Emerging growth company ☒
If an emerging growth company, indicate by check
mark if the registrant has elected not to use the extended transition period for complying with any new or revised financial accounting
standards provided pursuant to Section 13(a) of the Exchange Act.
| Item 3.02. | Unregistered Sales of Equity Securities |
On March 2, 2026, Klotho Neurosciences, Inc. (the “Company”) closed and completed the private placement (the “Financing”)

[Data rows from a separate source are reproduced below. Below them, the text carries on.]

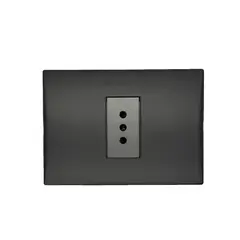 LEXO - Enchufe Embutido Simple 2p+t 10a Black Andes Armado Metal -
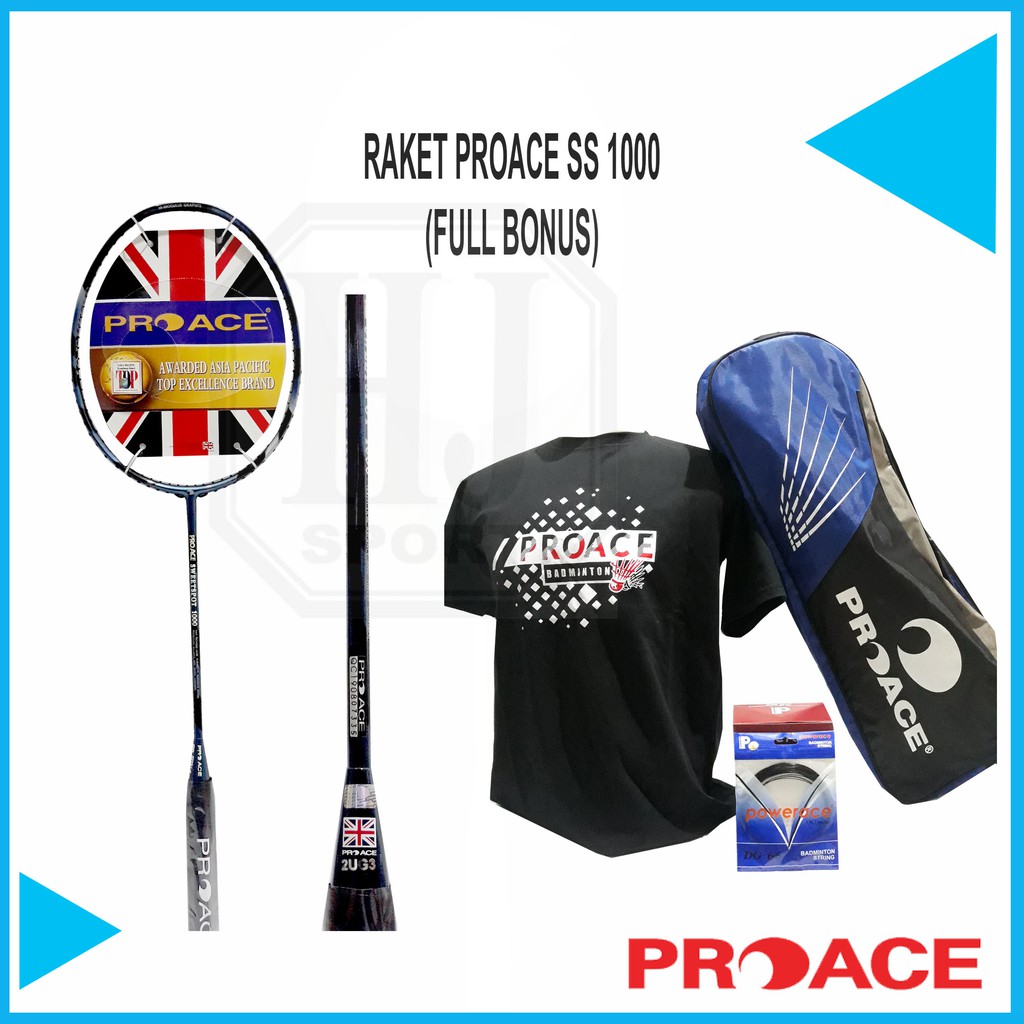 Jual Raket Original ProAce / Pro Ace Sweetspot 1000 Bonus Komplit ...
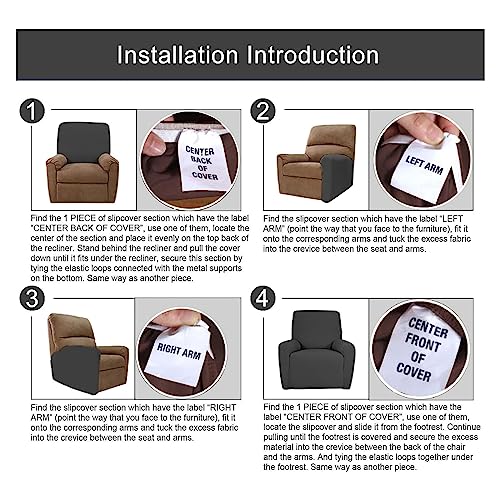 Recliner Slipcover with Side Pocket Anti-Slip Elastic Cover k7m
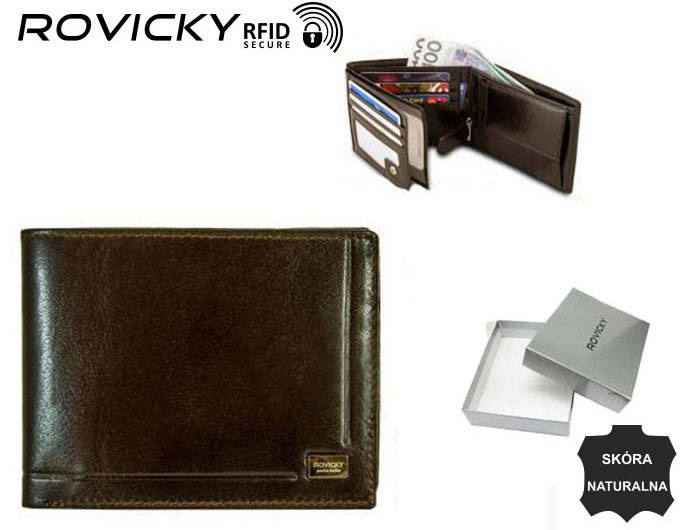 Herren Echtleder Geldbörse Rovicky PC-103-BAR RFID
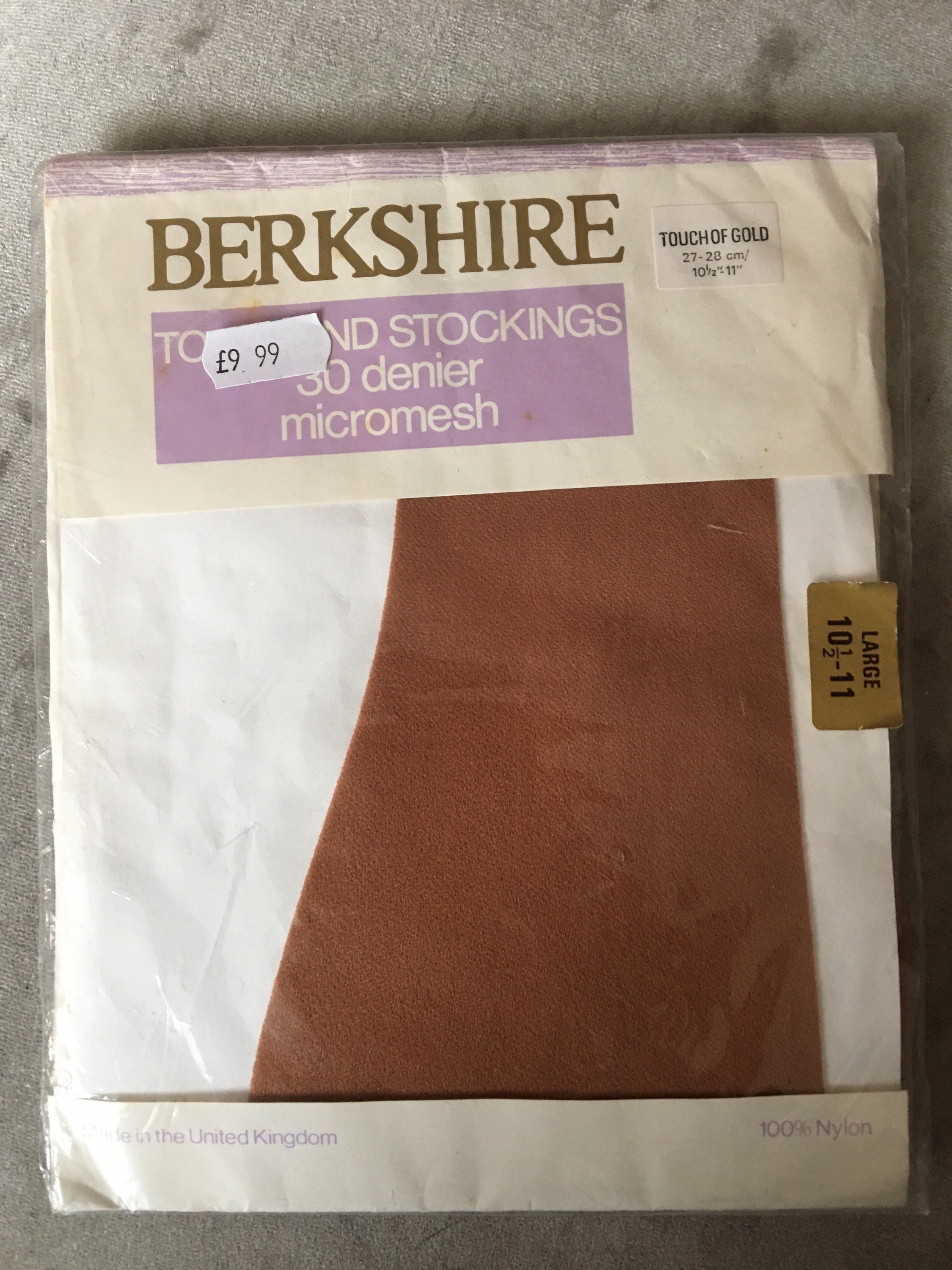 Image of Denier Micromesh Stockings By Berkshire in "Touch Of Gold" Size ."-"
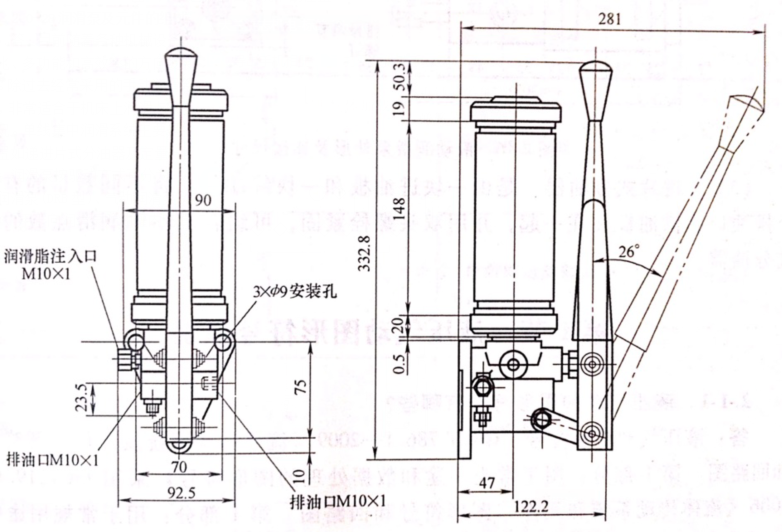 手动润滑泵外形及连接尺寸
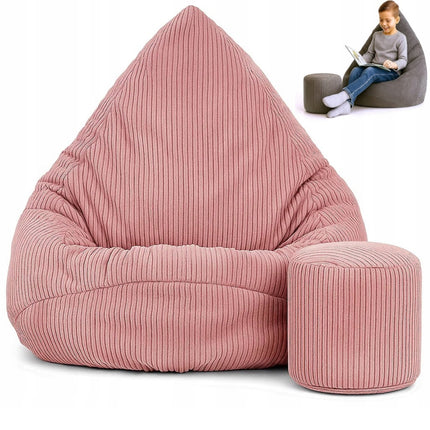 Manšestrový sedací vak pro děti PUDROVĚ RŮŽOVÝ + PODNOŽKA ZDARMA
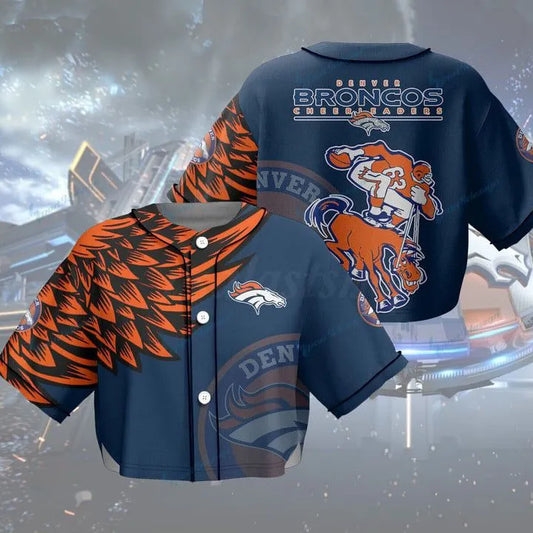 Denver Broncos Women Crop Top Baseball Jersey New Trending 2025 AZHACTBJ000025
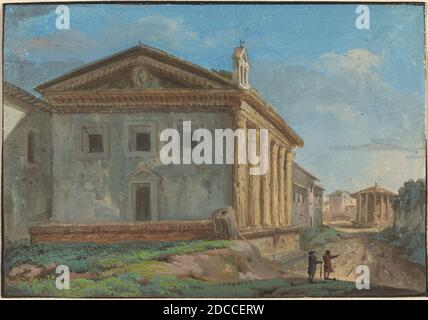 Italien du XVIIIe siècle, (artiste), Tempio della Fortuna virile avec le Tempio di Vesta au loin, gouache sur papier ponté, total: 10.1 x 14.6 cm (4 x 5 3/4 po Banque D'Images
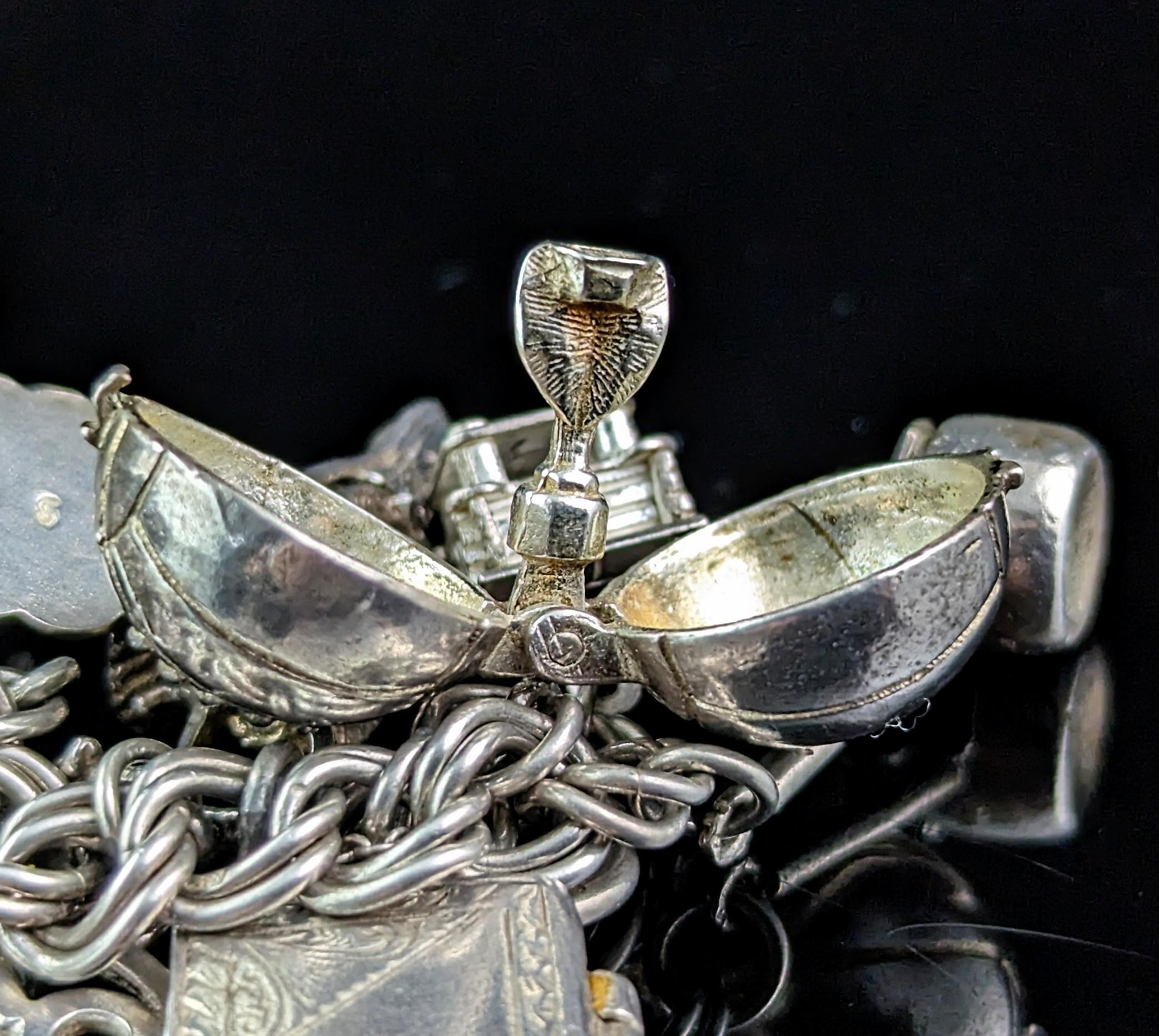 Women's Vintage sterling silver loaded charm bracelet, Heavy, Mid century  For Sale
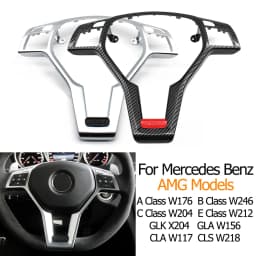 Car Steering Wheel Chrome Panel Cover Trim For Mercedes Benz AMG A B C E GLK GLA CLA CLS Class W176 W246 W204 W212 W156 W117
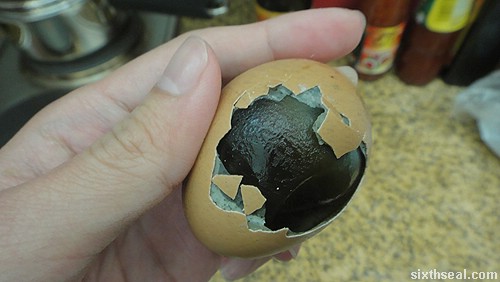 century egg peeled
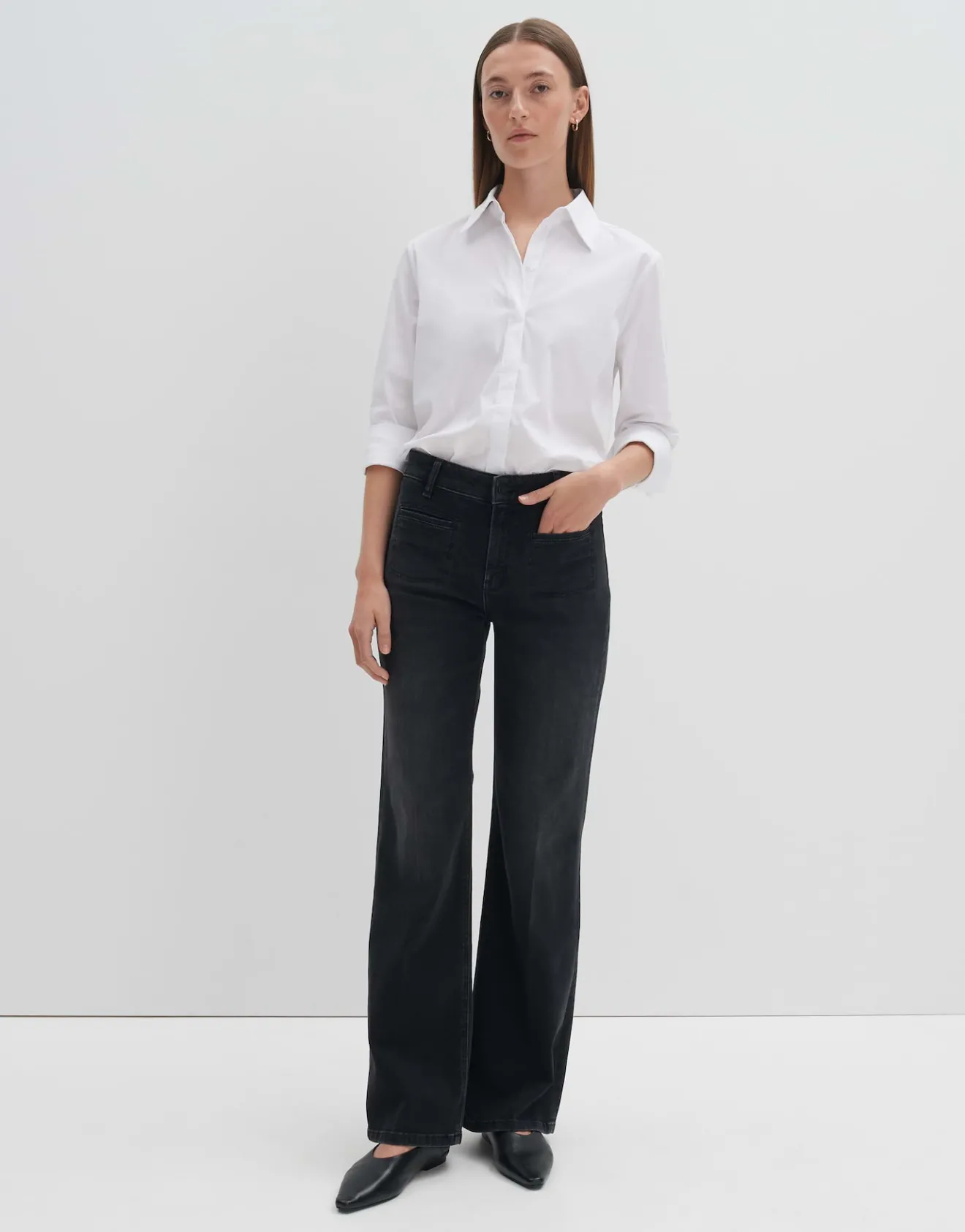 Hot Long Flared Jeans CARIE FRENCH aus stretchigem BCI Cotton Mix Hosen|Jeans
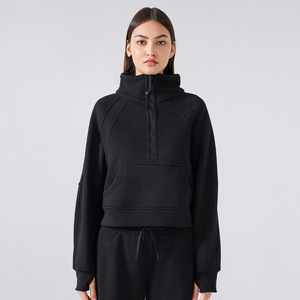 Automne et hiver Plus velours épaissi demi fermeture éclair haut col montant décontracté polyvalent chaud <span class=keywords><strong>sport</strong></span> sweats à capuche <span class=keywords><strong>pull</strong></span> pour les femmes - Product Image 4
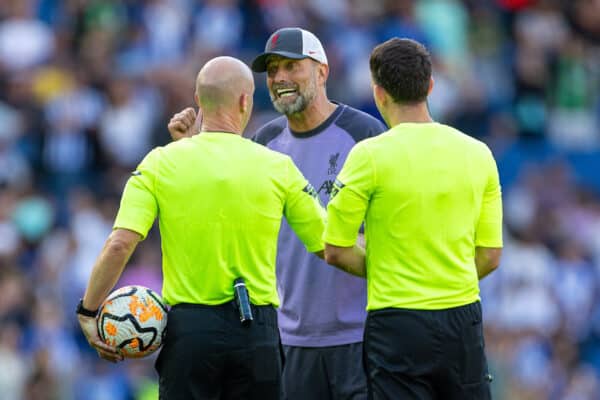 BRIGHTON & HOVE, ENGLAND - Sunday, October 8, 2023: Liverpool's manager Jürgen Klopp speaks with referee Anthony Taylor after the FA Premier League match between Brighton & Hove Albion FC and Liverpool FC at the American Express Community Stadium. (Pic by David Rawcliffe/Propaganda)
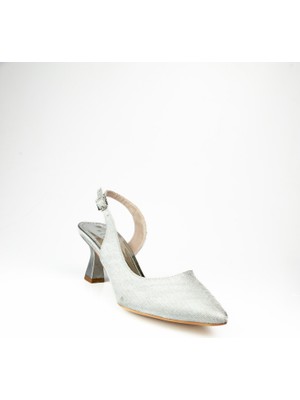 Massima 084 Gümüş Fındık Topuklu Abiye Kadın Ayakkabı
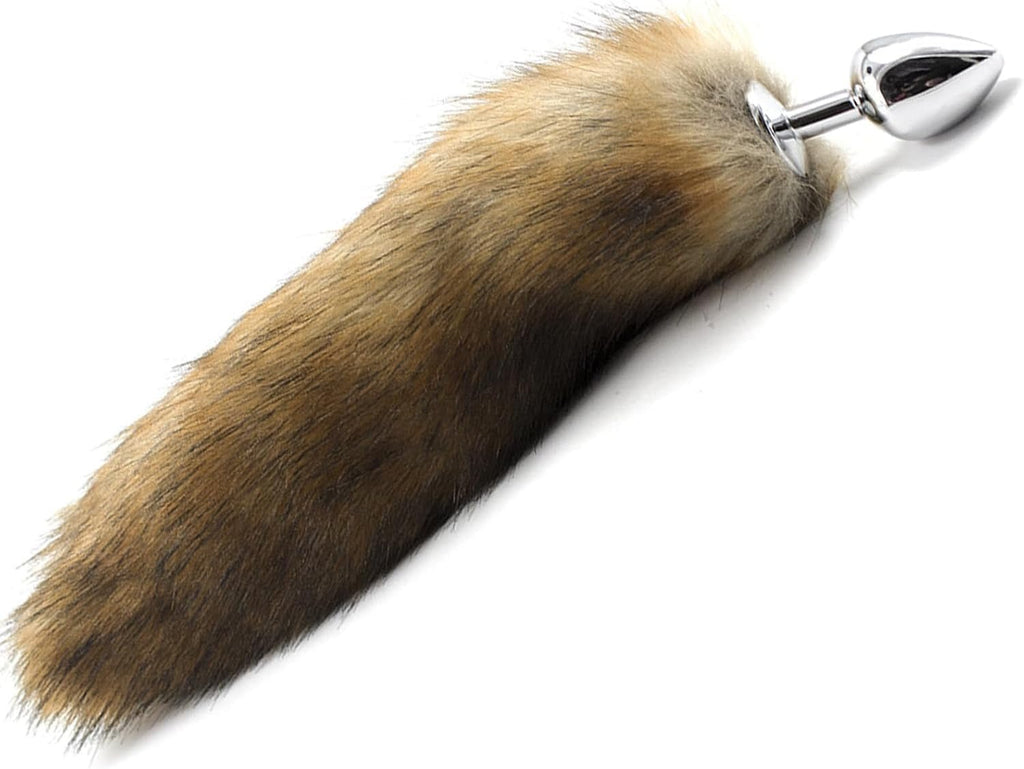 BronzeFur Brown Fox Tail Steel Butt Plug Cosplay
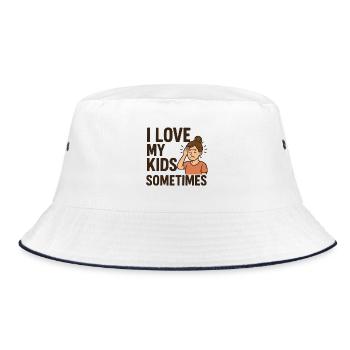 Manchmal liebe ich meine Kinder - Bucket Hat - Weiß/Navy - Vorne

contemplated by that certain Securities Purchase Agreement, dated February 19, 2026, by and among the Company and the purchasers named
therein (the “Purchasers”). A copy of the Securities Purchase Agreement is included as Exhibit 10.1 to the Company’s
Form 8-K filed on February 24, 2026.
At the closing of the Offering, the Company issued to the Purchasers
an aggregate of 34,551,939 shares of the Company’s common stock and warrants to purchase up to an aggregate of 34,551,939 shares
of Common Stock (the “Warrants”).The sale of the securities resulted in aggregate gross proceeds to the Company of approximately
$7,750,000.
A description of the Warrant is included in the Company’s Form
8-K filed on February 24, 2026 and a copy of the Form of Warrant is attached as Exhibit 4.1 thereto.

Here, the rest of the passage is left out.